PROBLEM REQUIREMENTS
Within the listing below, give again exactly the lines between the one containing "gravata whatsapp sticker" and the one containing "Danxen Kvinder Madita", inclusive, pictures left aside.
GIVEN RECORDS section start
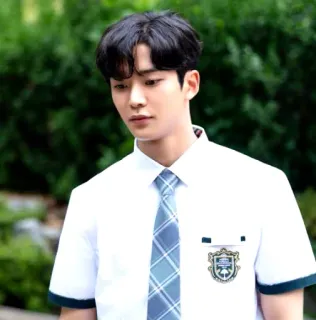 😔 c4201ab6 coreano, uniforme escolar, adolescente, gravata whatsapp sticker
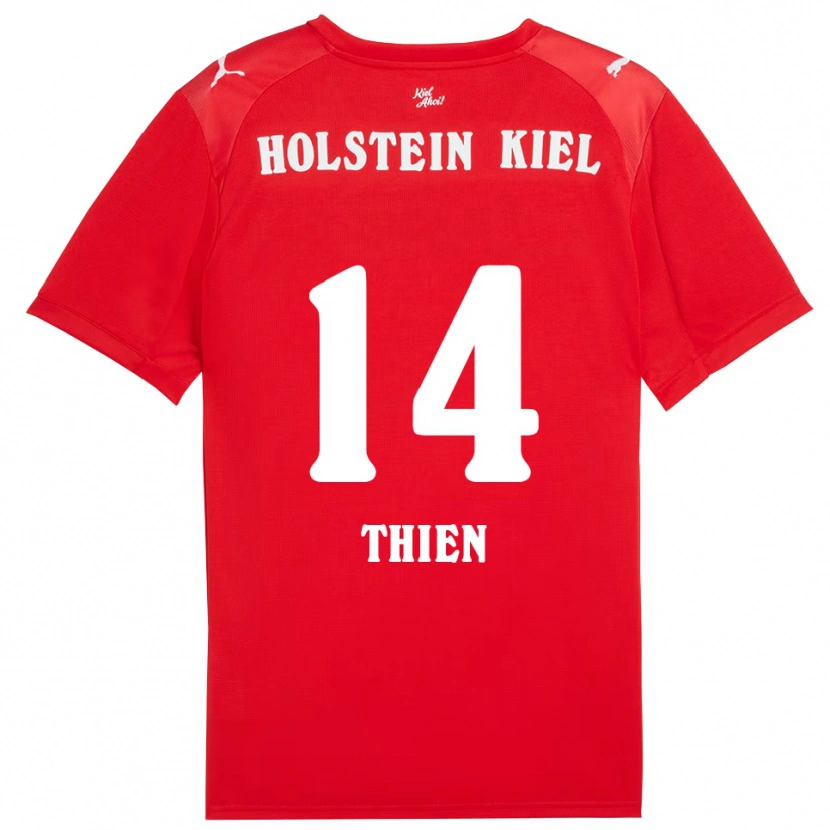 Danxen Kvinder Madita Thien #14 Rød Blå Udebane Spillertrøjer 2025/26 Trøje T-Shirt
GIVEN RECORDS section end
GIVEN RECORDS section start
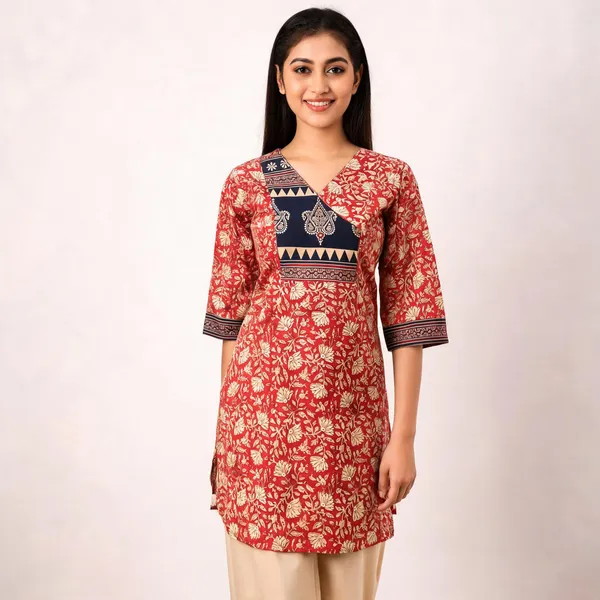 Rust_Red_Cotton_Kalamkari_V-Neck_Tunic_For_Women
GIVEN RECORDS section end
GIVEN RECORDS section start
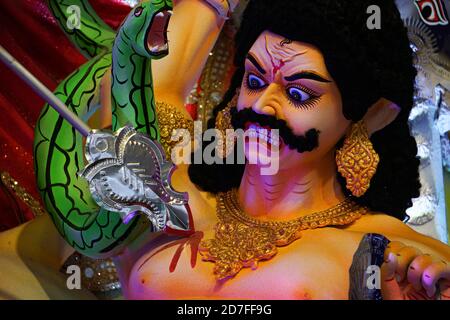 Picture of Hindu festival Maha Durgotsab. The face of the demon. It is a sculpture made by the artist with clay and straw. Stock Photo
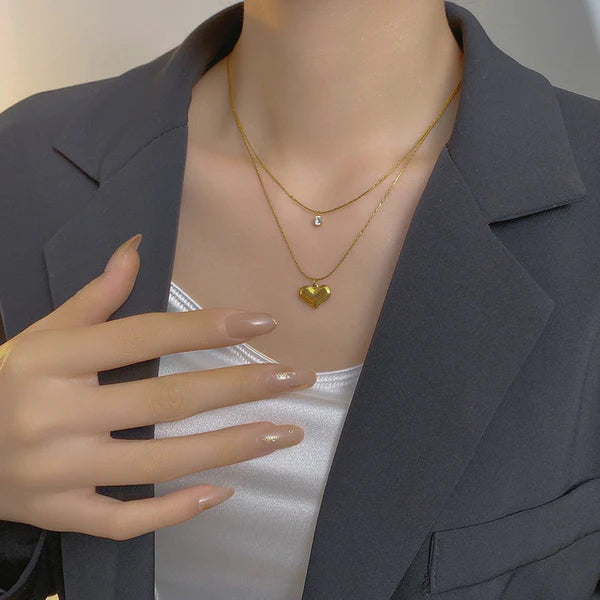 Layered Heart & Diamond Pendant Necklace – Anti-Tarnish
GIVEN RECORDS section end
WRITTEN SOLUTION
 😔 c4201ab6 coreano, uniforme escolar, adolescente, gravata whatsapp sticker
 Danxen Kvinder Madita Thien #14 Rød Blå Udebane Spillertrøjer 2025/26 Trøje T-Shirt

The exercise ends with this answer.